Ryanair will challenge “ludicrous” claims for refunds from passengers stranded by the ash crisis in a bid to overturn European Union regulations on airline compensation.
Chief executive Michael O’Leary today denounced the ash cloud as a “myth”. He said: “There was no volcanic ash. The airspace closure was entirely unnecessary. We should not have to pay because some idiot spilled coffee on a map of Europe and created a cloud. The only ash was between the ears of those at the Meteorological Office.”
The carrier has set aside euro50 million to refund one million passengers affected by delays and cancelled flights, but will take a handful of claims to court to seek a referral to the European Court of Justice.
O’Leary said: “The EU regulations are absurd, discriminatory and unfair. We will challenge about 20 ludicrous claims as a test case to challenge the regulations. He said one claim for euro2,900 was from a passenger who paid a euro34 fare to the Canary Islands.
The Ryanair boss welcomed a proposed class action by airlines seeking compensation from the government for the ash disruption, but said changing the regulations on passenger compensation was more important. “There must be a force majeure (‘superior force’ or ‘act of God’) clause [in compensation regulations] and some sort of relation to the fare,” he said.

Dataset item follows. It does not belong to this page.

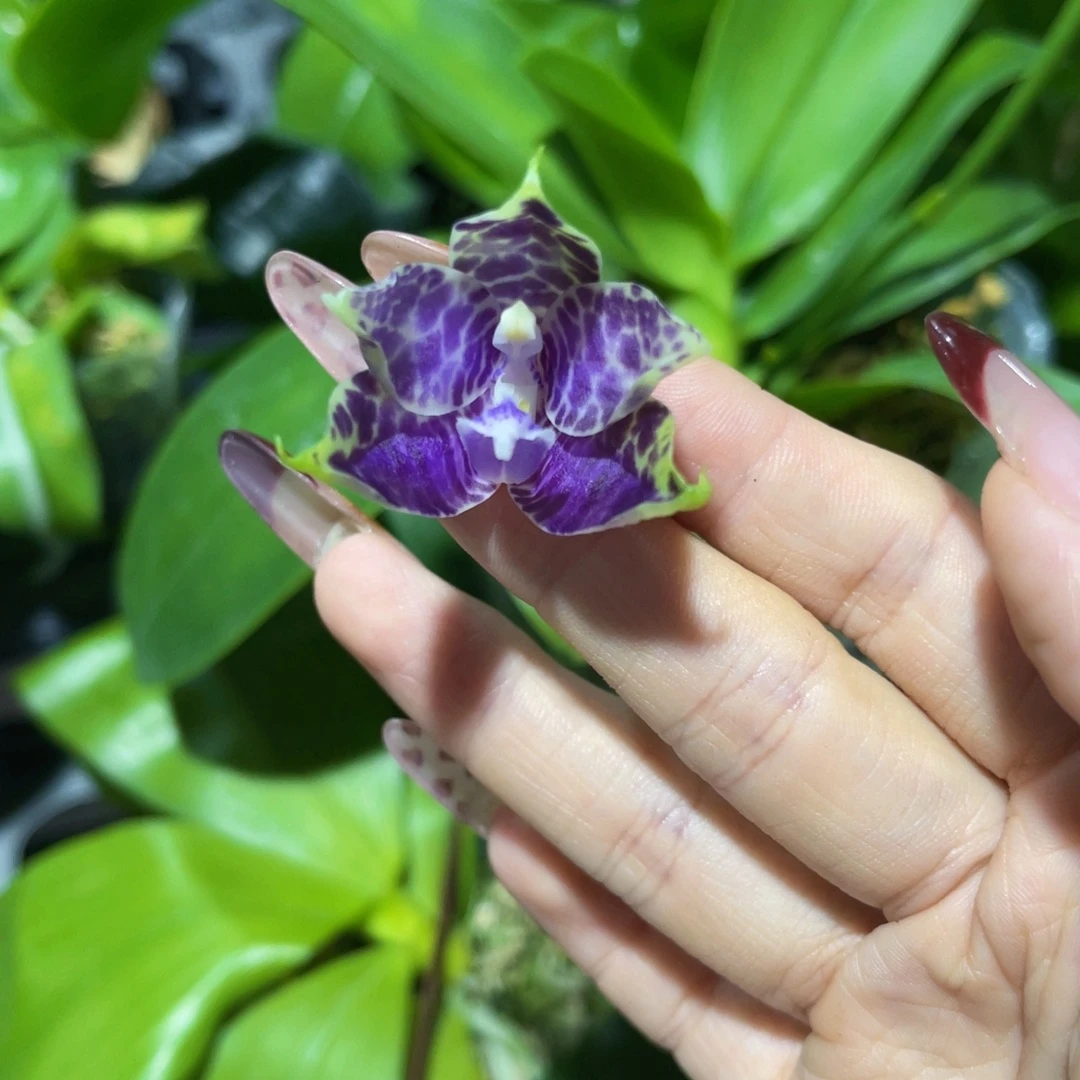 无花朵蝴蝶兰原生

Ryanair profited from the downturn of the past year, reporting a 14% year-in-year rise in passengers to 66.5 million and a tripling of profits to euro319 million (£280 million) for the 12 months to the end of March. Its revenue rose just 2% to euro2.988 billion over the same period, reflecting a euro5 or 13% fall in average fares to euro35.

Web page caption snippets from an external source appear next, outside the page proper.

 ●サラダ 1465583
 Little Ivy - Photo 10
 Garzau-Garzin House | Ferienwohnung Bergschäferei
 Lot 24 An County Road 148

O’Leary said: “We are doing less really cheap discounts. There have been no free seats this year.”
Shareholders will enjoy a euro1 billion windfall – half of it this year, half in 2013, with O’Leary himself receiving euro20 million – but a freeze on staff pay will remain.
The carrier is due to expand by a further 11% in the current year, but will rein in expansion from 2012-13. Thereafter, said O’Leary: “Expansion may be 4% a year. It may be nothing.” Ryanair recently pulled out of talks with Boeing to buy new aircraft following a dispute over price.